Only on infinitely small subintervals of x.
This approximation has vanishing error from a linear function (as the interval decreases) and (most importantly!) we only have finite noisy samples; so it’s essentially indistinguishable (in a statistical way) for a small enough interval given some variance.
sin(x) = x for very small x, this is a useful tool for several proofs.
for all functions, f(x) = f(0) + f'(0) * x for x very close to 0
The approximation is particularly good for sin(x) because the next term in the Taylor series, f''(0) * x^2 / 2, happens to be 0. So the error is O(x^3) rather than the more common O(x^2).
This is a specific instance of what LolWolf just said in the grandparent.
yeah I didn't know that part, just the more specific one.
It's the first term of the Maclaurin series

sin(x) = sin(0) + cos(1)x = 0 + x

In The Innovator's Dilemma over a dozen technologies were documented that were on exponential improvement curves for a period of decades or more. They generally last until the technology either hits a wall in physical possibility, or the thing being delivered is no longer the primary measure of the technology.

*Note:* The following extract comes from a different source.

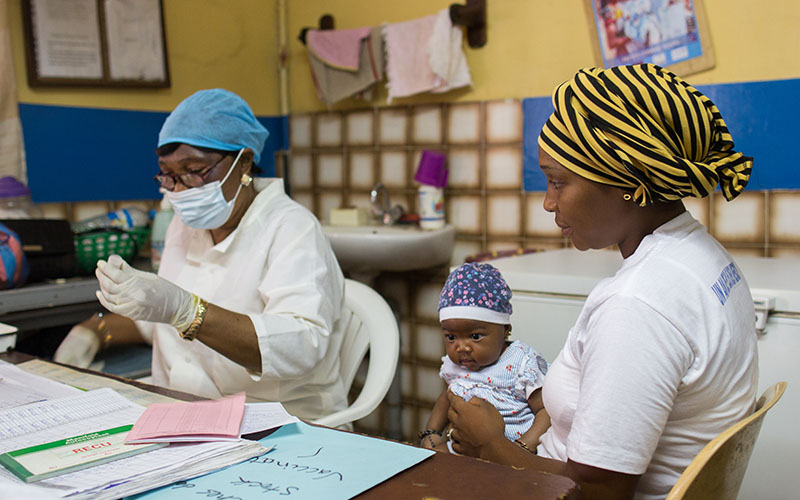 Healthcare worker consulting with a mother and her baby in a dispensary in Guinea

Here are some examples off of the top of my head that are happening right now:

Operations per second of a CPU (The famous Moore's law) bits stored per dollar of RAM Energy density of batteries Energy produced per dollar of solar panels

Here are some examples from the past.

Distance a steam ship could travel without refueling Maximum power of a gasoline engine Volume of dirt a hydraulic scoop can pick up

The history of technological progress is dominated by exponential curves. Saying that it is logically impossible for the future to be likewise dominated by exponential curves is just silly.